Yes, it is really good news to see so many immigration expansionists being quoted in the media attacking the idea of reducing legal immigration.
It indicates that the concept is gaining enough traction for the immigration expansionists to become seriously worried.
We saw some flurries of these attacks a month ago when Sen. Tom Cotton (R-Ark.) and Sen. David Perdue (R-Ga.) introduced the RAISE Act (S. 354) which they promise would immediately reduce annual legal immigration by 40% from its recent average above a million.
The attacks on this kind of immigration moderation started to look more like a blizzard after President Trump made strong statements to Congress Tuesday night about the need to change the legal immigration system to help American workers.
You may recall that I shot out a statement to the media as soon as the speech ended claiming that the President's comments were a "tacit endorsement" of the RAISE Act.
I'm pleased that many commentators, reporters and immigration expansion advocates the next day were making that connection and putting a lot of spotlight on the RAISE Act, which would end all Chain Migration categories and the Visa Lottery.
Most of the attention was given in the form of advocates and "experts" being quoted about what a horrible thing it would be to give out a half-million fewer lifetime U.S. work permits to citizens of other countries every year.
The expansionists' biggest argument seems to be that the U.S. economy would stagnate without the government-forced population growth created by immigration. They also make claims relying on the belief that the 50 million working-age Americans who have no job at all right now could not possibly be persuaded to take the jobs that those half-million denied immigrants otherwise would take.
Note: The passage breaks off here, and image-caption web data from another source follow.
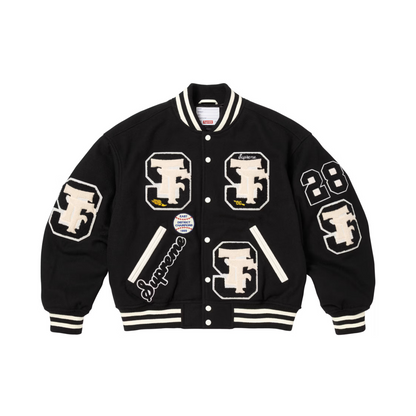 Supreme Drill Team Varsity Jacket 'Black'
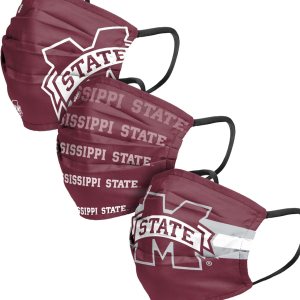 FOCO NCAA mens College Matchday Face Cover – Adult – 3 Pack FOCO NCAA mens College Matchday Face Cover – Adult – 3 Pack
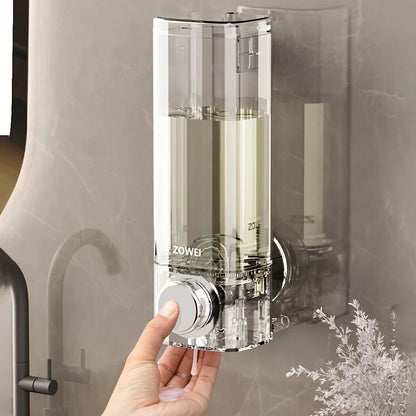 EasyMount NoDrill Wall Soap Dispenser  Suction Cup Refillable  SpaceSaving 3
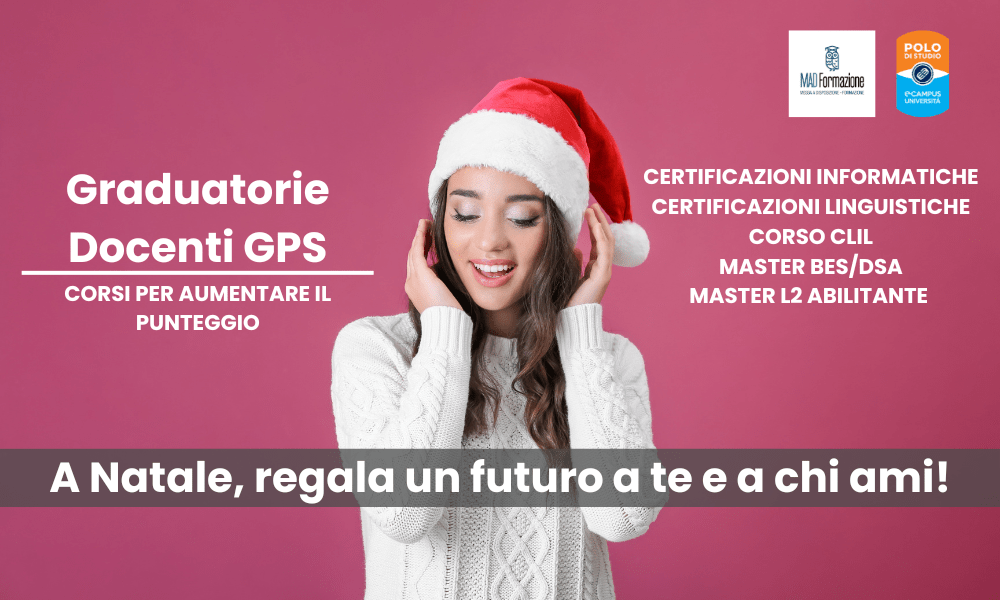 Idee regalo Natale 2024: GPS, tutti i corsi per aumentare punteggio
Which of those 50 million Americans do the expansionists believe are too picky, or too lazy, or too pampered or too untrainable to be recruited to fill jobs that the government imports immigrants to fill?
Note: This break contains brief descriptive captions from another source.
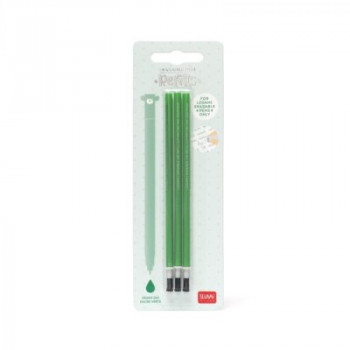 Legami Erasable Pen Refill - Green (pack of 3)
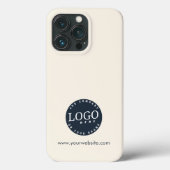 Firmenlogo und Firmenwebsite Adresse Mitarbeiter Case-Mate iPhone Hülle (Rückseite)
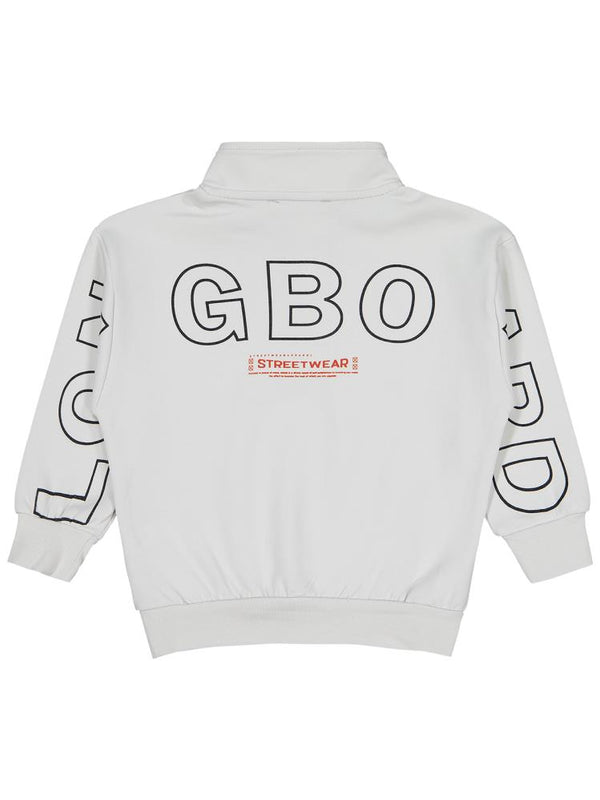 Civil Boys Longboard Baskılı 2-5 Yaş Sweatshirt - Gri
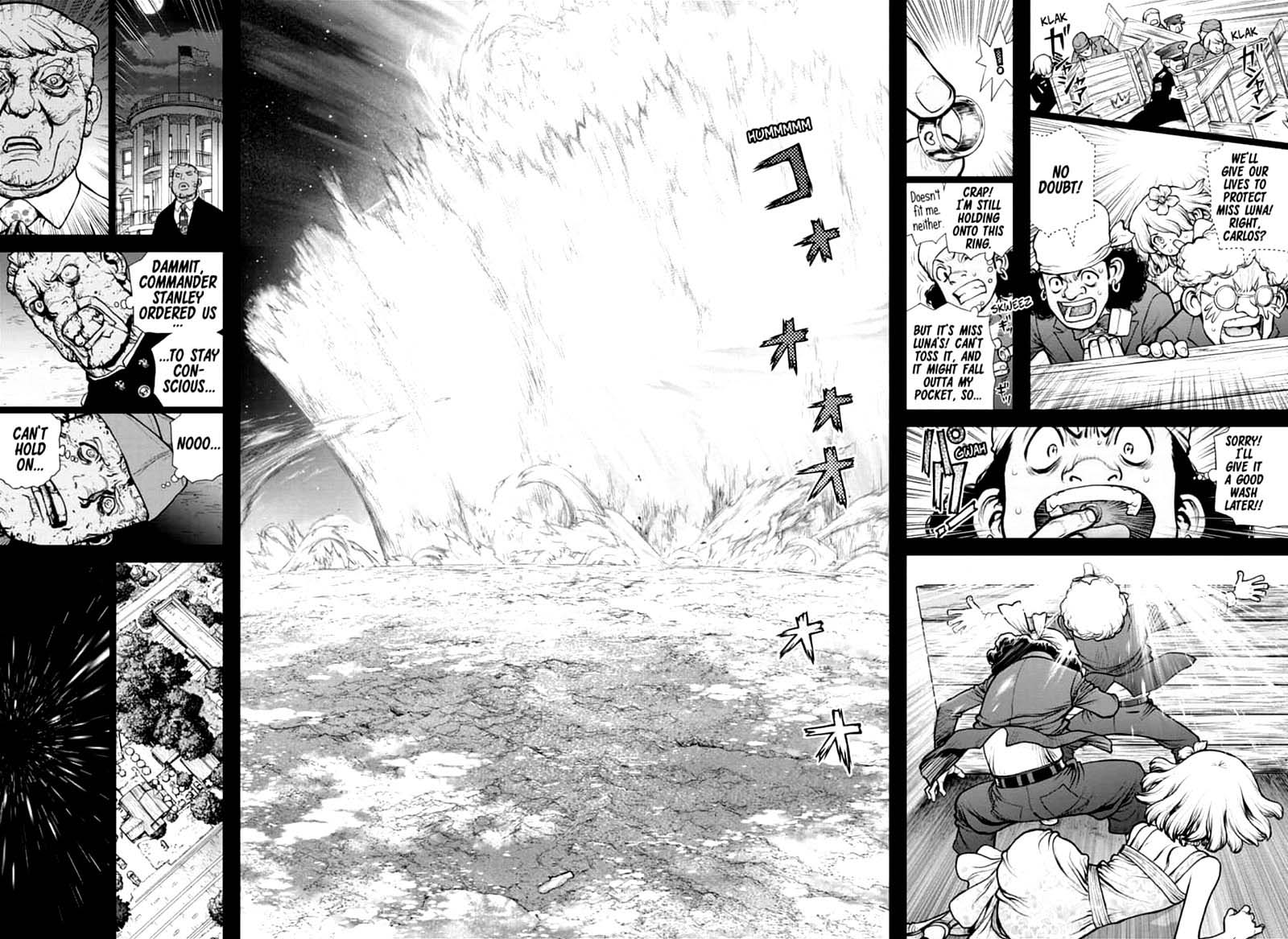 Dr. Stone Manga Chapter 157 page 10 - Same Time, Same Place scene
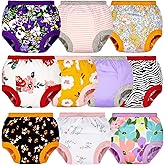 BIG ELEPHANT Potty Training Underwear, 100% Cotton Absorbent Unisex Toddler Pee Pants for Boys Girls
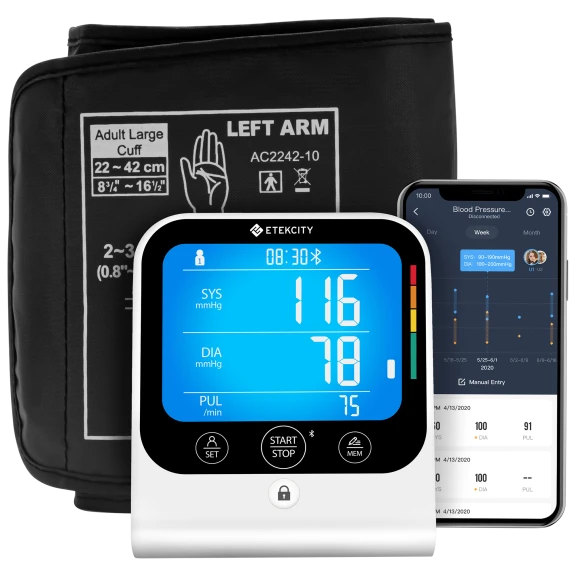 Etekcity Smart Blood Pressure Monitor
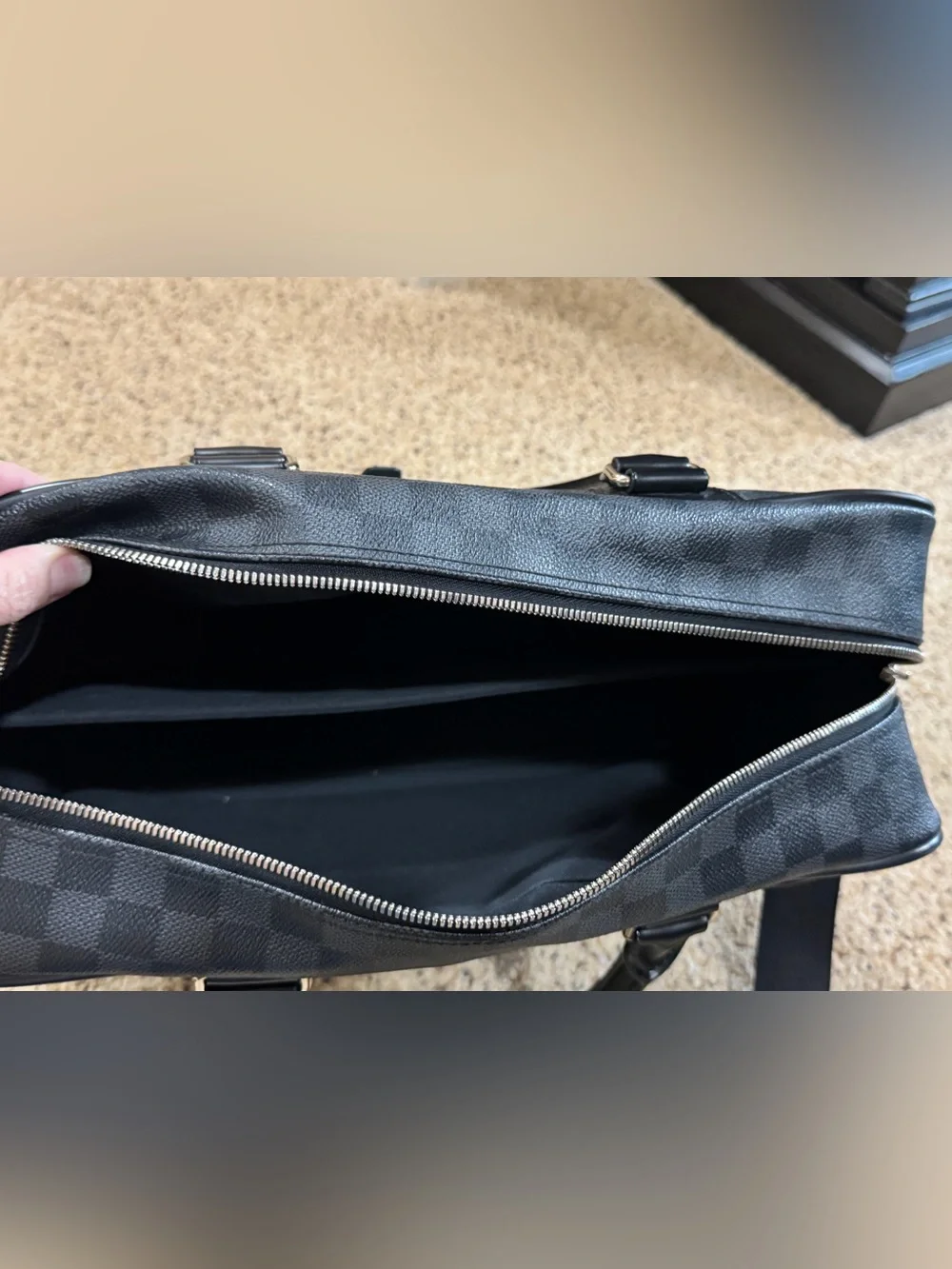 Louis Vuitton Damier Graphite Black ICare travel bag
Perhaps it is the 2 of every 5 Millennials of all ethnicities under age 30 with no college degree who have no job of any kind. The expansionists find it far preferable to add a million more work-permitted immigrants each year than to encourage better engagement of this young demographic that is in its physical prime and learning life-long habits of self-sufficiency or dependency.
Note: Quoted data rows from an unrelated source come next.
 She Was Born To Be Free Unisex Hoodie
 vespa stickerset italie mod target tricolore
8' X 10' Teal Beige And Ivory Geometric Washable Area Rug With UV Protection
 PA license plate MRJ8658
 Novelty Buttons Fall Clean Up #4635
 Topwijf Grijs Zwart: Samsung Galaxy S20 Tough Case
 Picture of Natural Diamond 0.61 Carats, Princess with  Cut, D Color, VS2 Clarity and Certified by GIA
Or maybe the immigration expansionists have such low opinions of the two minority groups with the largest number of Americans living in poverty that they think businesses shouldn't have to recruit among the 30% of all working-age Hispanic Americans and 36% of all working-age African Americans who currently don't have even a part-time job.
Immigration policies are always about who gets preference from the U.S. government. A very good sign this week was the statement from the AFL-CIO chief Richard Trumka that he agreed with the President's principle that immigration policies should show a preferential concern for how workers are affected.
Trumka and Trump spotlighting legal immigration levels! No wonder the expansionists are worried.